Running for his life, Kenny Capps is halfway home

Fred McCormick
Black Mountain News

Every day since Easter has been the same and different for Kenny Capps. He started running on the beaches of the Outer Banks, and nearly every morning since the Black Mountain runner has laced up his shoes and headed toward home.

While the running itself is largely mundane, his 1,175-mile journey along the Mountains-to-Sea Trail has been far from blase for Capps, who was diagnosed in 2015 with a form of blood cancer known as multiple myeloma. He calls his run the Throwing Bones Run.

Kenny Capps started his 1,175-mile run on the Outer Banks on April 1. He's now over halfway back to the mountains.

Last week, a month after beginning his run to raise money and awareness for multiple myeloma, he was halfway home. “I’ve done back-to-back marathons this week, in terms of miles,” he said May 2 while running the Falls Lake Trail east of Durham. “I can’t say I’ve ever done that before.”

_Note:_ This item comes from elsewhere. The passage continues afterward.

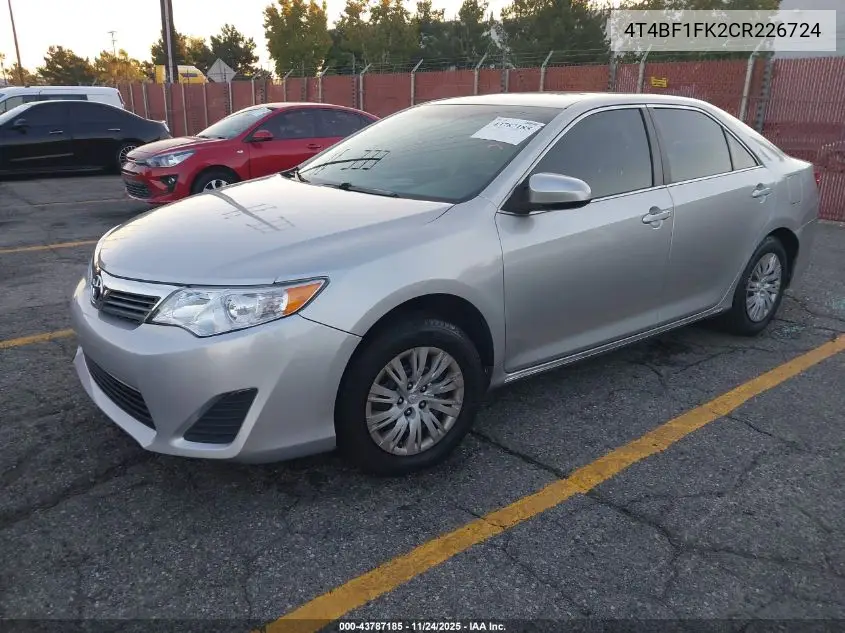 4T4BF1FK2CR226724 2012 Toyota Camry Le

Nor had Capps, an avid endurance athlete who began running on the trails around Black Mountain as a teenager, traveled more than 550 miles on foot in 31 days before. The endeavor has not been without its challenges, he said.

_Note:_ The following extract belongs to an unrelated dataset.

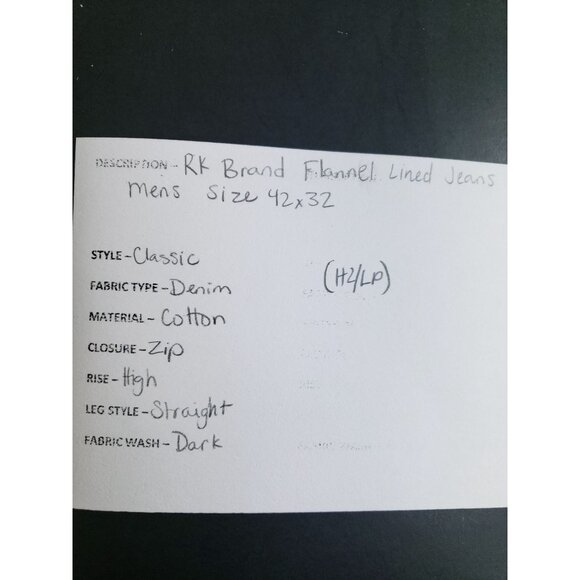 RK Brand Flannel Lined Jeans Men's Size 42x32 - Picture 10 of 11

“I wish I had started slower,” he  said. “My first day was 35 miles, and that was a mistake in the sense that the miles are cumulative.”

Covering more than  52 miles in his first two days resulted in shin splints, micro-tears in the muscle and bone tissue of the lower leg.  

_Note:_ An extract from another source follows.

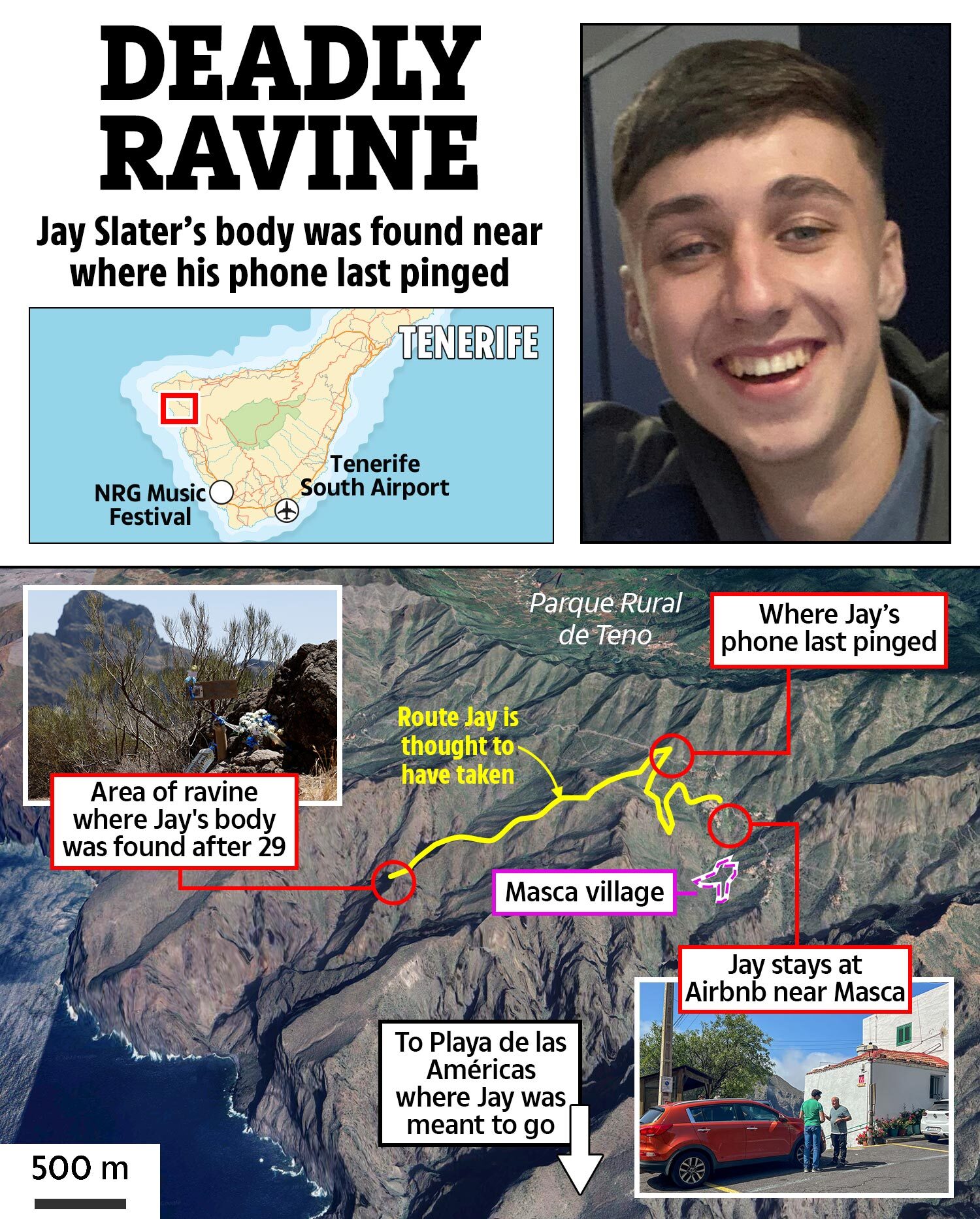 an advertisement for deadly ravine shows where jay slater 's body was found near where his phone last pinged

Every day Kenny Capps wakes up and runs to raise money and awareness for multiple myeloma.

“I’d never really had them,” Capps said. “But I got them, and I got them good. It’s hard to walk, let alone run when you have shin splints.”

The condition slowed Capps down early, forcing him to take three days off in his second week.

“I was behind, but when I started back I was doing a mixture of running and walking,” he said. “That was working fine, but I realized I was kind of beating my body up still.”

Capps began maintaining a slower pace to help his body recover.

“Once I realized that I didn’t have to pressure myself to keep a certain pace, it helped a lot,” he said. “Through the first part of the state, until a couple of days ago, I’ve been on the road the whole time. That asphalt is hard on your body.”

Also hard on Capps’ body is the chemotherapy treatment he receives every other week.

“Twice now I’ve taken the treatment orally since I started,” he said. “Right now I’m on my off week, but last week I was really in a funk. It was hard.”

Balancing treatment with the physical demands of running about 22 miles a day has proven to be tough. 

"I haven't figured out mentally how to push through the treatment," he said. "I'm not looking forward to starting that back up again."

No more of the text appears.